▶ [WHAT TO DO] Working from the top of the records below, reproduce each line exactly, ending once you have written the line containing "100% Leather Harrington".

====== THE INPUT ======

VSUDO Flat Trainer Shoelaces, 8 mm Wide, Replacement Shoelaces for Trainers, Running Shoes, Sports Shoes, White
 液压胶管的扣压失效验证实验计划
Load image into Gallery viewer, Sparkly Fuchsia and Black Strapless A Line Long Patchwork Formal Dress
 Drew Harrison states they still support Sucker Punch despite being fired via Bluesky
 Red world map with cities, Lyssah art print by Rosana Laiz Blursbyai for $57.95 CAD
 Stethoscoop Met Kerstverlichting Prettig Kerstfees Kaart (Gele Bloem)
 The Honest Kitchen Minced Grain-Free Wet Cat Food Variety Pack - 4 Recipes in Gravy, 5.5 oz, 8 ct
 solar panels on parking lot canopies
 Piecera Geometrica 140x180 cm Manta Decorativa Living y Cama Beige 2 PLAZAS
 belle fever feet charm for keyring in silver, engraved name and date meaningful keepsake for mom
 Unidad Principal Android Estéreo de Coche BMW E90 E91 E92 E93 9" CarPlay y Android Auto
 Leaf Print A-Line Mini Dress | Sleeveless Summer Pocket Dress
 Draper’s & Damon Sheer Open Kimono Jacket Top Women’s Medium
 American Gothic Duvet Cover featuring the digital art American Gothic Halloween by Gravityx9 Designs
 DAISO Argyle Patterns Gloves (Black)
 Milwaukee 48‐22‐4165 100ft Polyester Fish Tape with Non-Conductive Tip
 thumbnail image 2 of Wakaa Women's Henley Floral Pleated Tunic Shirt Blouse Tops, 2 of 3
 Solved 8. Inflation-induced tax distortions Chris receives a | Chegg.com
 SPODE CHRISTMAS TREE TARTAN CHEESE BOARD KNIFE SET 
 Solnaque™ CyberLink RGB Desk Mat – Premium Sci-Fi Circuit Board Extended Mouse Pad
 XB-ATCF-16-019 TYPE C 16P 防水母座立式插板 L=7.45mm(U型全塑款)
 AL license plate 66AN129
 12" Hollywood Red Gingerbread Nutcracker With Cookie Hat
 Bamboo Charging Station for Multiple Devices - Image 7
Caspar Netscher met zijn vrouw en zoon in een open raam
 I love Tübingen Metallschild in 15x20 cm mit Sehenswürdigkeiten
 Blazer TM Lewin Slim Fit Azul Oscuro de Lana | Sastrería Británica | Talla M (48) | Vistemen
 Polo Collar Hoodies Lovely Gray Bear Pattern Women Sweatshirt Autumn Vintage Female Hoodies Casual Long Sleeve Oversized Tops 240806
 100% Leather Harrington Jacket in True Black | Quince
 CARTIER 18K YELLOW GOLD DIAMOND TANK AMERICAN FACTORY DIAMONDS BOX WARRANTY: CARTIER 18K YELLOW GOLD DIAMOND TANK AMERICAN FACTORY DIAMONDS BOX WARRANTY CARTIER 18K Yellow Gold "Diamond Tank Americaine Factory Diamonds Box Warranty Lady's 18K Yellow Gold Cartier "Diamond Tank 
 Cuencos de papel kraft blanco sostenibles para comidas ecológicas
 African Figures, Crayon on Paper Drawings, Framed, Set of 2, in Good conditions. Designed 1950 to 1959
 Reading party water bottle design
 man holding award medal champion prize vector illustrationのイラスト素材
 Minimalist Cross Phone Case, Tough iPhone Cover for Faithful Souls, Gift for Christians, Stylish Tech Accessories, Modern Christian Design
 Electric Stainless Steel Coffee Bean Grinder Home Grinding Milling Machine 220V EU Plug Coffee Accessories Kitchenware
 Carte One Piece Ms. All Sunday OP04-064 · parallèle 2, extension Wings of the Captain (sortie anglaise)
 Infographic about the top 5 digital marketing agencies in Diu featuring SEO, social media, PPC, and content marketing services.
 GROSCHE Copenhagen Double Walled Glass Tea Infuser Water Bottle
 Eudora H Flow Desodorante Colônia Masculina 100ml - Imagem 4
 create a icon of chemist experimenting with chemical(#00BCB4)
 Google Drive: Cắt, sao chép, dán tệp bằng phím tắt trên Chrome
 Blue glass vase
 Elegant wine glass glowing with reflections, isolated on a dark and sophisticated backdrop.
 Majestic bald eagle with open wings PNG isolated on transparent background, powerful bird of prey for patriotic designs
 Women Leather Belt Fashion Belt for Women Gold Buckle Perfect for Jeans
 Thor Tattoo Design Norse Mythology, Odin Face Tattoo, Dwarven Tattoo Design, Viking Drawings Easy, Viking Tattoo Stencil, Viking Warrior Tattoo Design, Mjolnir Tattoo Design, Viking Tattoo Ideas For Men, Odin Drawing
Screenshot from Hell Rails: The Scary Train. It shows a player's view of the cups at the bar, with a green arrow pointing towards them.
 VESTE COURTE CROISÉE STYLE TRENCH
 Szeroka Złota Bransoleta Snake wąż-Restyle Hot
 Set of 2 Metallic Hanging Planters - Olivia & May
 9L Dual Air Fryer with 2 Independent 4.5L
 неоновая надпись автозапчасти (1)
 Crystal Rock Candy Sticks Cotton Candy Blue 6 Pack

======

▶ [WRITTEN RESPONSE]
VSUDO Flat Trainer Shoelaces, 8 mm Wide, Replacement Shoelaces for Trainers, Running Shoes, Sports Shoes, White
 液压胶管的扣压失效验证实验计划
Load image into Gallery viewer, Sparkly Fuchsia and Black Strapless A Line Long Patchwork Formal Dress
 Drew Harrison states they still support Sucker Punch despite being fired via Bluesky
 Red world map with cities, Lyssah art print by Rosana Laiz Blursbyai for $57.95 CAD
 Stethoscoop Met Kerstverlichting Prettig Kerstfees Kaart (Gele Bloem)
 The Honest Kitchen Minced Grain-Free Wet Cat Food Variety Pack - 4 Recipes in Gravy, 5.5 oz, 8 ct
 solar panels on parking lot canopies
 Piecera Geometrica 140x180 cm Manta Decorativa Living y Cama Beige 2 PLAZAS
 belle fever feet charm for keyring in silver, engraved name and date meaningful keepsake for mom
 Unidad Principal Android Estéreo de Coche BMW E90 E91 E92 E93 9" CarPlay y Android Auto
 Leaf Print A-Line Mini Dress | Sleeveless Summer Pocket Dress
 Draper’s & Damon Sheer Open Kimono Jacket Top Women’s Medium
 American Gothic Duvet Cover featuring the digital art American Gothic Halloween by Gravityx9 Designs
 DAISO Argyle Patterns Gloves (Black)
 Milwaukee 48‐22‐4165 100ft Polyester Fish Tape with Non-Conductive Tip
 thumbnail image 2 of Wakaa Women's Henley Floral Pleated Tunic Shirt Blouse Tops, 2 of 3
 Solved 8. Inflation-induced tax distortions Chris receives a | Chegg.com
 SPODE CHRISTMAS TREE TARTAN CHEESE BOARD KNIFE SET 
 Solnaque™ CyberLink RGB Desk Mat – Premium Sci-Fi Circuit Board Extended Mouse Pad
 XB-ATCF-16-019 TYPE C 16P 防水母座立式插板 L=7.45mm(U型全塑款)
 AL license plate 66AN129
 12" Hollywood Red Gingerbread Nutcracker With Cookie Hat
 Bamboo Charging Station for Multiple Devices - Image 7
Caspar Netscher met zijn vrouw en zoon in een open raam
 I love Tübingen Metallschild in 15x20 cm mit Sehenswürdigkeiten
 Blazer TM Lewin Slim Fit Azul Oscuro de Lana | Sastrería Británica | Talla M (48) | Vistemen
 Polo Collar Hoodies Lovely Gray Bear Pattern Women Sweatshirt Autumn Vintage Female Hoodies Casual Long Sleeve Oversized Tops 240806
 100% Leather Harrington Jacket in True Black | Quince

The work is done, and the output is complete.